Two charts help make the point. The first shows that real U.S. economic growth has averaged just 2.1% per year in the seven years since the Great Recession ended in June 2009. As the chart’s headline says, this recovery is the “97-lb. weakling” among post-war recoveries.
The second shows how the U.S. economy progressed following the three lengthiest post-World War II recessions. The Great Recession lasted 18 months, according to the business-cycle dating committee of the National Bureau of Economic Research, the official arbiter of such matters.
The two most lengthy recessions prior to the Great Recession ended in March 1975 and November 1982. As the “Great Disappointment” chart shows, the recoveries were much more vigorous than from the Great Recession. July 2016 marked the beginning of the eighth year of recovery from the Great Recession. Yet as measured by real Gross Domestic Product, our most comprehensive economic indicator, the U.S. economy today is only about 16% larger than it was at the trough in June 2009.
By contrast, the recovery from the 1973-75 recession had reached 26% well before the comparable date and, as the chart shows, the next downturn had begun. Seven years after the trough of the 1981-82 recession, the U.S. economy was a full 36% larger than it was at the trough. Like Barack Obama, Ronald Reagan inherited an economy in recession. Things turned out quite a bit differently on his watch.
Despite the most tepid recovery of the post-World War II era, the economy of the United States is doing better than economies of its peers. Only Canada among G-7 advanced economies has grown faster than the U.S. the past decade, and it is now being laid low by weak oil prices. Germany and the United Kingdom have come closest to matching the U.S. growth rate. Japan and France are serious laggards. Italy’s economy is actually about 7% smaller than it was a decade ago.
- As for the local and regional economy, Seattle metro and Washington state? Hold your breath and cross you fingers, I’ve not seen the economy so strong in four-decades-plus of writing about and speaking about the economy.
In the past five years, Amazon’s headcount has grown at an annual rate of 44%. In 12 months through June, the growth rate reached 47%, the fastest rate in four years. In 22 quarters covered by this chart, headcount has grown by a factor of seven.
An Amazon web site that is hard to find — do a Google search on Amazon U.S. economic impact — reports that Amazon had about 30,000 employees in Washington State as of March 2016. A year ago the Seattle Times reported that Amazon is on track to occupy about 10 million square feet of office space in downtown Seattle, enough to accommodate roughly 50,000 employees.

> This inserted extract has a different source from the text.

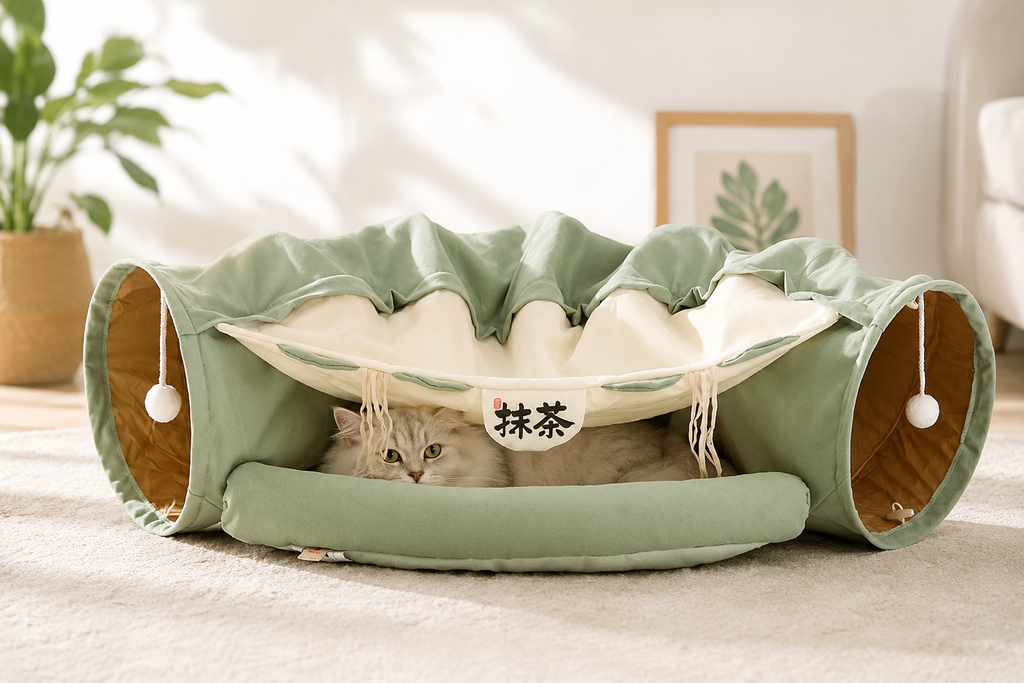 Cat Tunnel Bed for Indoor Cats – 2-in-1 Collapsible Cat Play Tunnel with Hanging Toy | Foldable Washable Cat Cave Hideaway for Kittens & Rabbits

But credit for the current boom can be spread around. The Seattle metropolitan area has become a relief valve for the Silicon Valley, with lower costs for talent, housing, office space and mobility.
As well, Seattle has become ground zero for software for managing cloud computing and for the commercial development of space, thanks to the interests of Jeff Bezos and Paul Allen in the subject.
Concluding my recent talk, I told my listeners to be optimistic but wary. The U.S. economic recovery is now in its eighth year. Business cycles have not been repealed. And, as usual, beware the Black Swan, the upset that by definition cannot be forecast.